Grandma loved God’s baby, but she also loved fun. Yes, Grandma did good to God’s baby. But she enjoyed too much being the prize in a contest between three predatory paramours. I did not want God’s child to become the victory banner in a strange R rated Adult version of Capture the Flag.
So, I located Grandpa. The child’s mother agreed to the move stating, “I don’t want my baby growing up none like me,” so she signed an affidavit stating she approved of the Change of Custody to Grandpa and his wife.
Mom dragged Dad into my office to sign papers – both were sober, anxious. Neither had visited the child much. I suppose the cornerstone of a Florida Department of Children and Families Case Plan for reunification is parent/child visitation. Bonding is the key issue.
Chicago is a world away from Jacksonville. If the child is in Jacksonville, not visiting this month doesn’t mean they can’t visit next week. But, Chicago! This is change. However, love can override even a crack cocaine induced sorry-ness. Sometimes!
So, at 30,000 feet God’s child squirmed in my lap. Thank God for the Flight Attendants, especially Betty who kept me from missing my connection by carrying my baggage and guiding me to my seat).
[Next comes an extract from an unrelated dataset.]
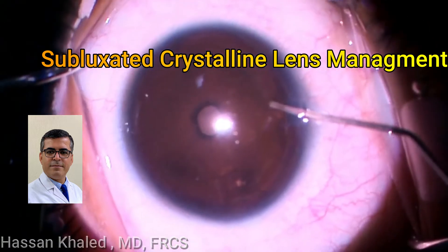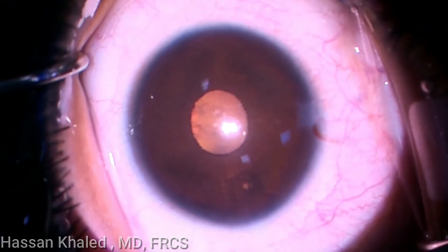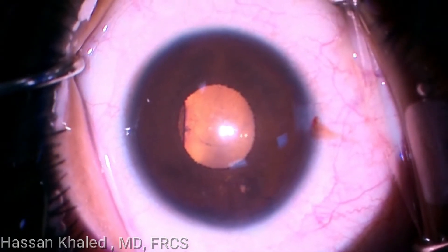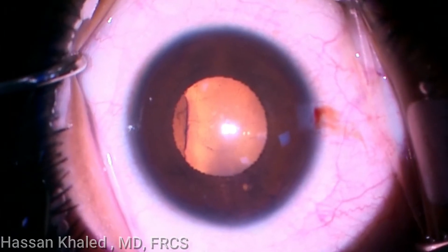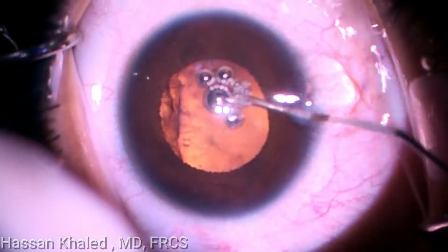Here is a phacoemulsification in a 17-year-old female who has bilateral congenital superior nasal subluxation with dropping of vision in both eyes. Mydriatic adrenaline is used to dilate the pupil. Now the pupil is dilated and the subluxation is clear.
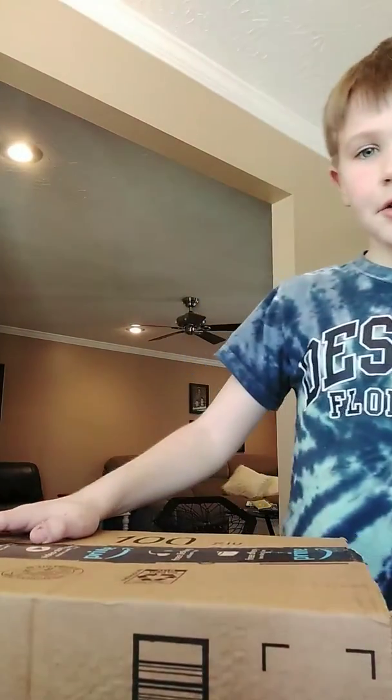Here it is. I don't know, guys, what's inside. So let's open it.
I squeezed and stretched for the bottles of Kool-Aid Grandma prepared. The state will not buy God’s child a seat of her own. I weigh 220 pounds and on my right is some 1972 high school all-star defensive back complete with beer belly. On my left is a nerdy but sizable mechanical engineer who played king of the arm rest with me. I pull a muscle in my right shoulder but I find the Kool Aid in the bag at my feet. God’s child sucks. Mumbles. Fusses. Twists. Trusts. Sleeps.
Eventually, the plane lands. Baby meets new grandparents. Grandparents without violence. Siblings without drugs. Caregivers who do not rely on a combination of Welfare, Social Security Disability fraud, crime and the occasional generosity of problematic paramours.
They take my picture. Grandpa insists on buying my lunch. I am not allowed to accept gifts. Neither, can I reject a poor, grateful grandfather’s offer of thanks. After he leaves I give my bag of hamburgers and fries to a scraggly pair outside the airport who resembles the unfortunate parents of God’s child.
Louis writes from Jacksonville, Florida where he lives with his old friend and wonderful bride, Joy. They transformed their friendship into the sacrament of marriage on August 30, 2012. They share their home with two self-absorbed, playful, twin cats (Flo and Jet) and one very allusive and arrogant cat named D.